Research project and scientific committee
The words of Scripture are spirit and life (Jn 6,63), the knowledge that flows from Scripture is “the Spirit’s teaching” (en didaktois pneumatos), it is knowledge by revelation (Mt 11,25–27) and is the fruit of spiritual interpretation. Scripture itself refers the reader to the Holy Spirit as its proper hermeneutical principle. “It is in [Scripture] that the Spirit is understood,” writes Maximus the Confessor; Scripture is the principle of transfiguration, of divinization (On theology, I.97). “It is the oil of the divine Spirit, which anoints the soul and renders it soft and humble” (Nicetas Stethatos, Physical chapters, 90).
We can, then, understand the other great hermeneutical principle of the fathers, for whom Scripture is “the interpreter of itself” (Gregory the Great), a principle that remains constant in the whole of tradition. “Whoever seeks the end of Scripture has for his teacher, as the great Basil and Saint John Chrysostom say, Scripture itself” (Pete Damascene). As a monk of the West who had drunk of the Eastern founts, William of Saint-Thierry (ca. 1075–1148), writes, “it is necessary to read the Scriptures with the same Spirit with which they were written and it is also necessary to understand them with the same Spirit” (Epistola ad fratres de Monte Dei, I.10.31).

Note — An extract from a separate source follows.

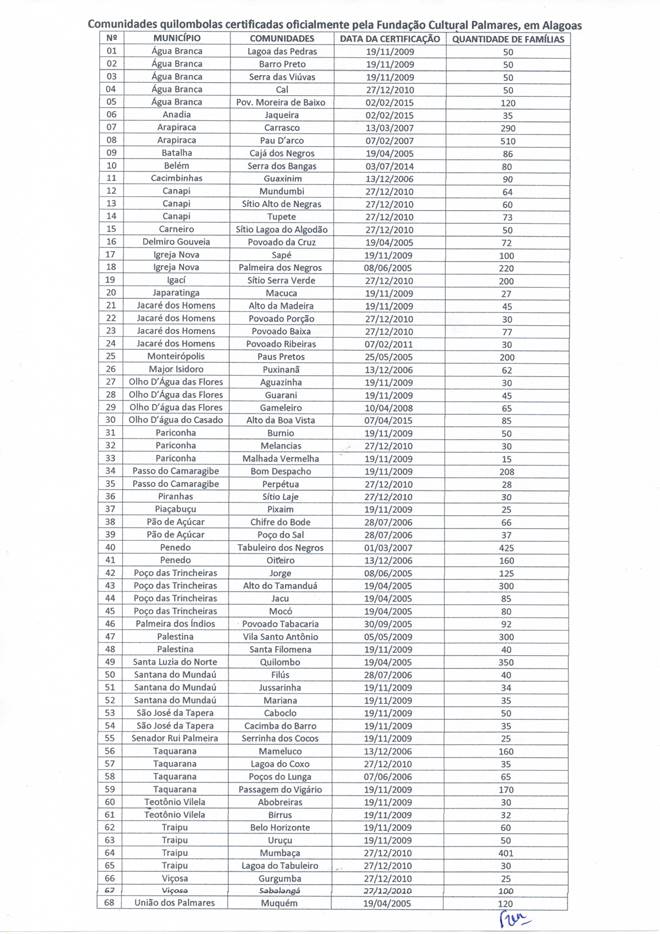 Lista de comunidades quilombolas enviadas pelo senador Fernando Collor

The gift of the Spirit confers on the disciples understanding of the words of Scripture and of Jesus himself: the Comforter, the Holy Spirit whom the Father will send in my name, he will teach you every thing and will remind you of all that I have told you (Jn 14,26). At the other extreme of tradition, the Russian bishop Mixail (Gribanovskij, †1898), in commenting on this verse of the fourth Gospel, writes: “The events narrated by the Gospels are transmitted to the reader’s spirit in a living manner, that is, by the same Holy Spirit. Thus we can understand the Gospel’s living divine action on the souls of those who read. In the Gospel accounts there lives the same divine force of the Holy Spirit who presided over the events of the Lord’s early life: in them there speaks a creative power that saves us” (Nad Evangeliem, 116).